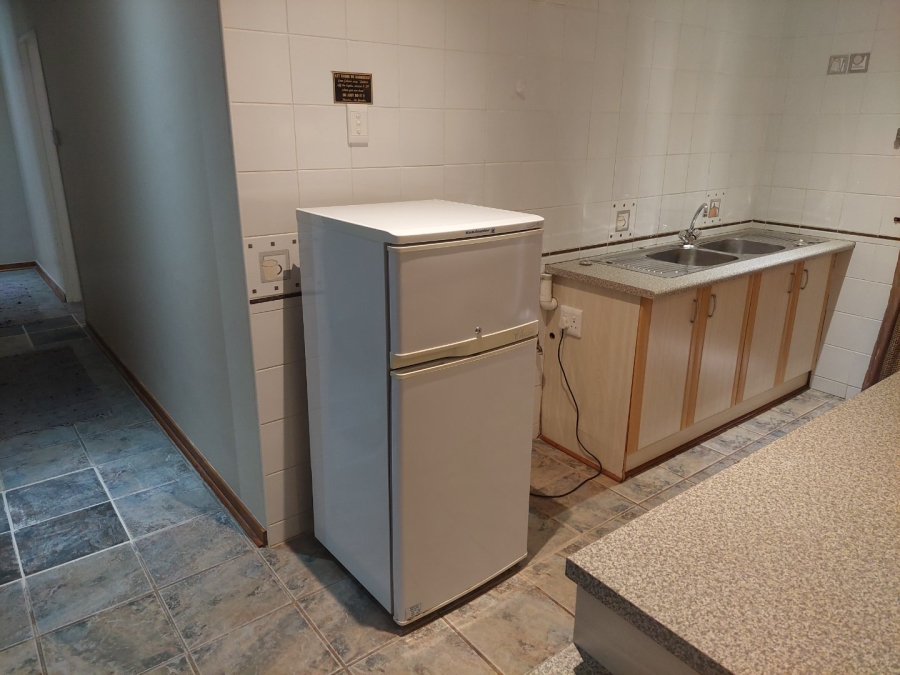 To Let 3 Bedroom Property for Rent in Riebeeckstad Free State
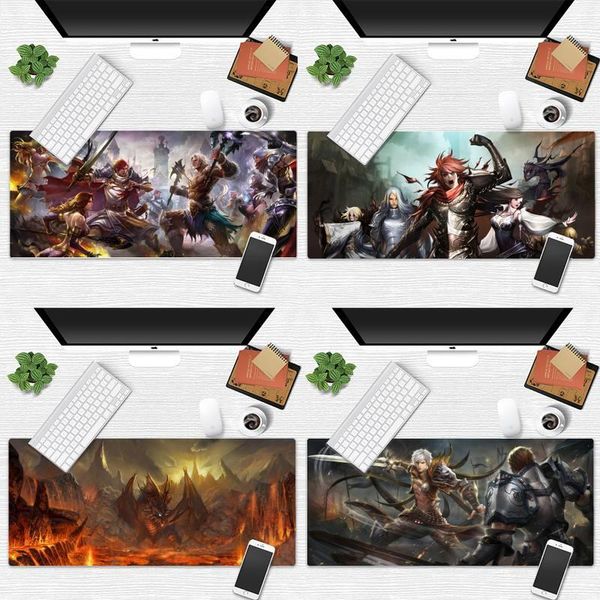 mouse pads & wrist rests lineage 2 keyboards mat rubber gaming mousepad desk table gamer office work large pad mats non-slip lapcushion
mouse pads & wrist rests lineage 2 keyboards mat rubber gaming mousepad desk table gamer office work large pad mats non-slip lapcushion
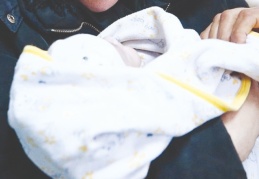 Refakatçisi olmayan 79 çocuk Bakanlık bakımına alındı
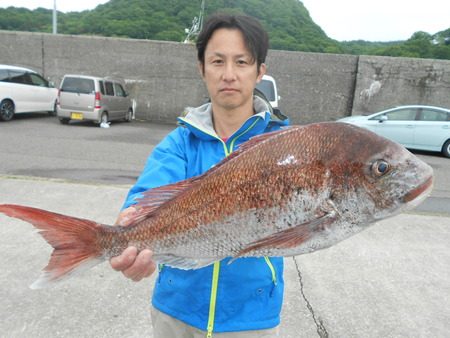 こうゆう丸 釣果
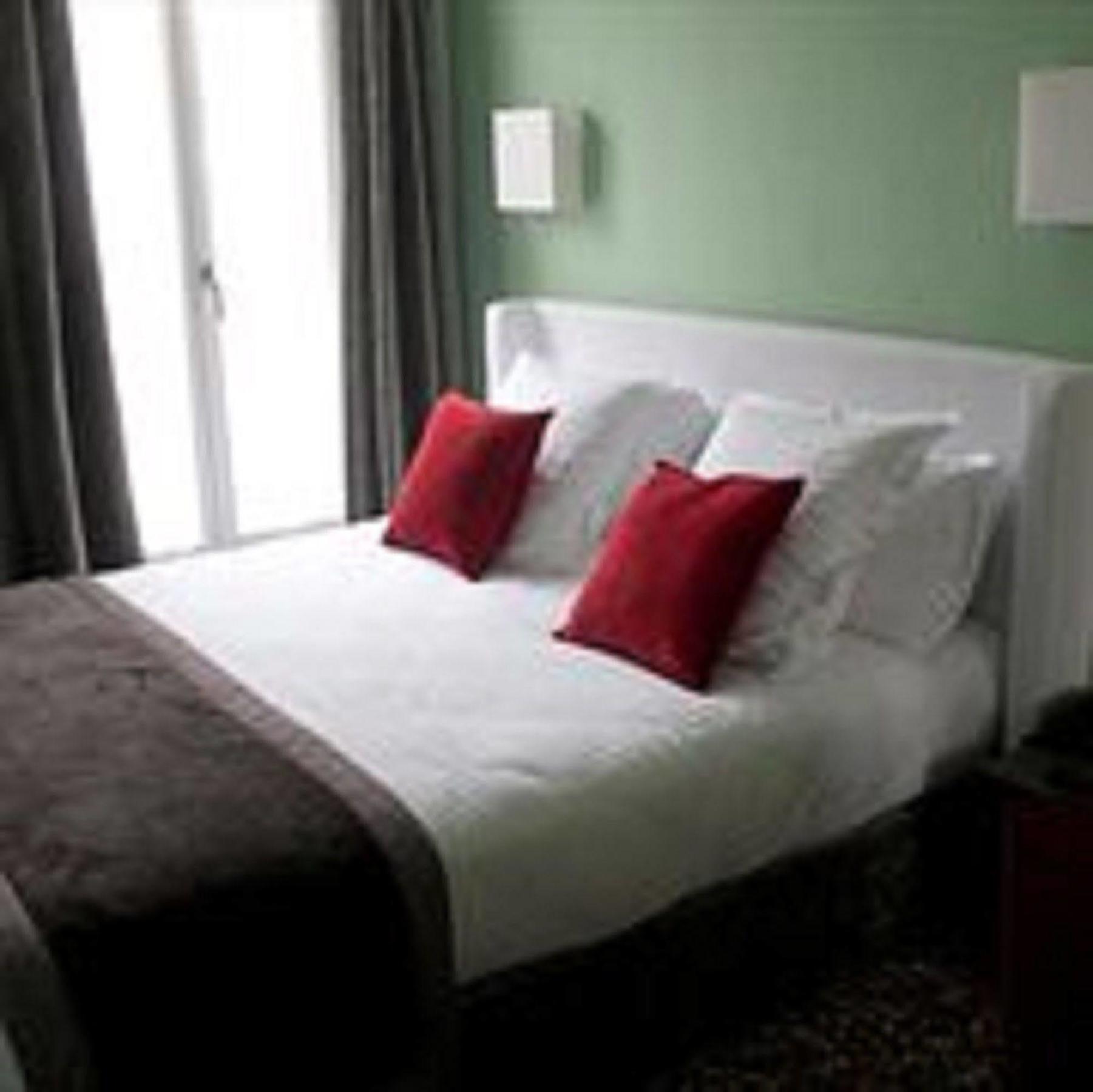 Grand Hotel Malher Paris Ngoại thất bức ảnh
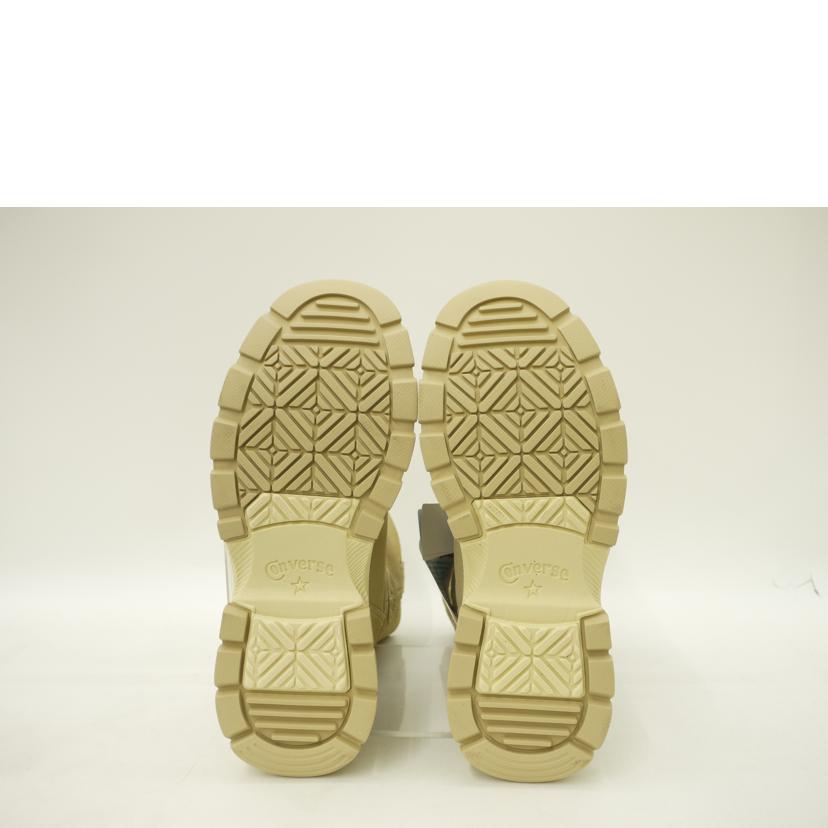 CONVERSE コンバース/TREKWAVE　WESTERNBOOTS　HI/1SE665//Sランク/69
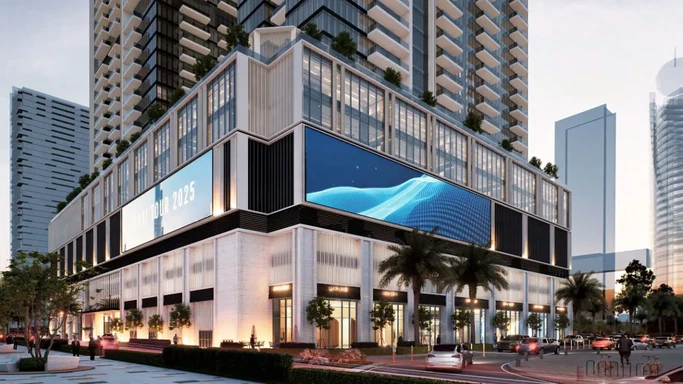 Avenue Park Towers By Wasl Properties gallery 12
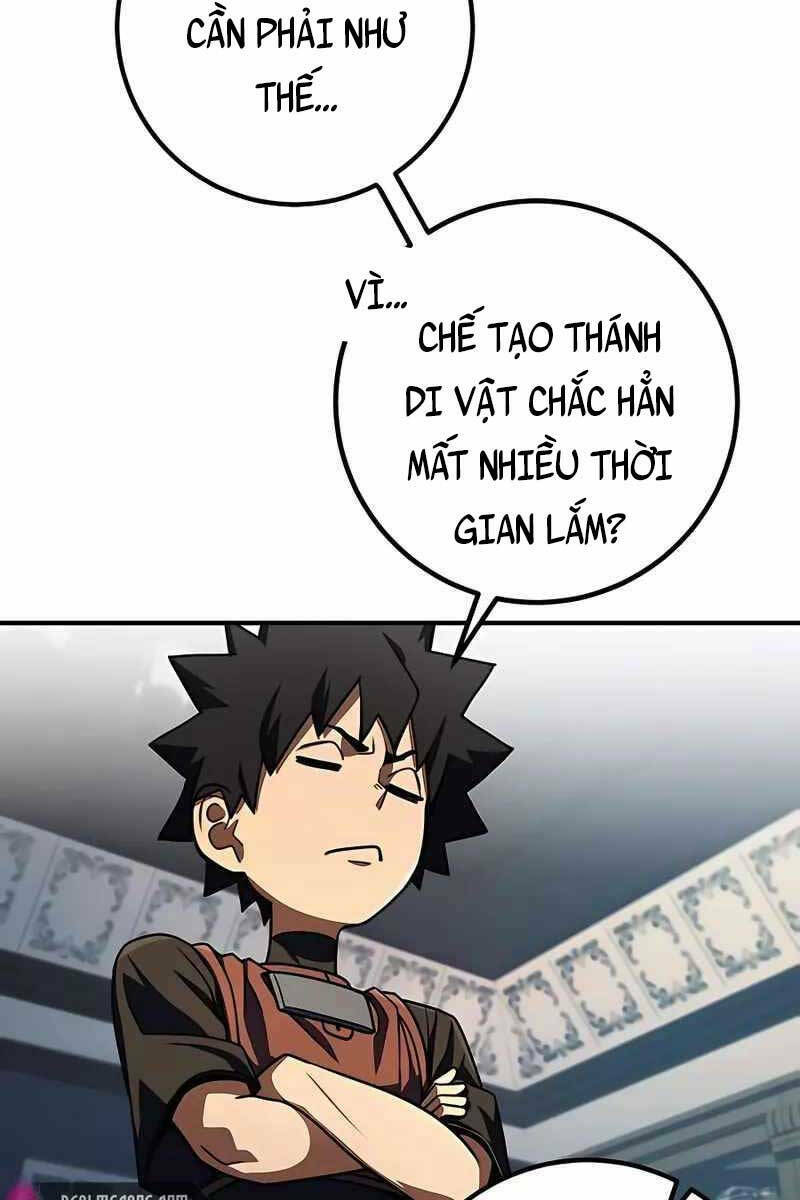 Tôi Dùng Búa Thần Giải Cứu Thế Giới: Chapter 24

++++++++++++++++++++

(Task goal): A word-for-word retyping of the material above is expected, without pictures.

(Answer box):
 To Let 3 Bedroom Property for Rent in Riebeeckstad Free State
 mouse pads & wrist rests lineage 2 keyboards mat rubber gaming mousepad desk table gamer office work large pad mats non-slip lapcushion
mouse pads & wrist rests lineage 2 keyboards mat rubber gaming mousepad desk table gamer office work large pad mats non-slip lapcushion
 Refakatçisi olmayan 79 çocuk Bakanlık bakımına alındı
 こうゆう丸 釣果
 Grand Hotel Malher Paris Ngoại thất bức ảnh
 CONVERSE コンバース/TREKWAVE　WESTERNBOOTS　HI/1SE665//Sランク/69
 Avenue Park Towers By Wasl Properties gallery 12
 Tôi Dùng Búa Thần Giải Cứu Thế Giới: Chapter 24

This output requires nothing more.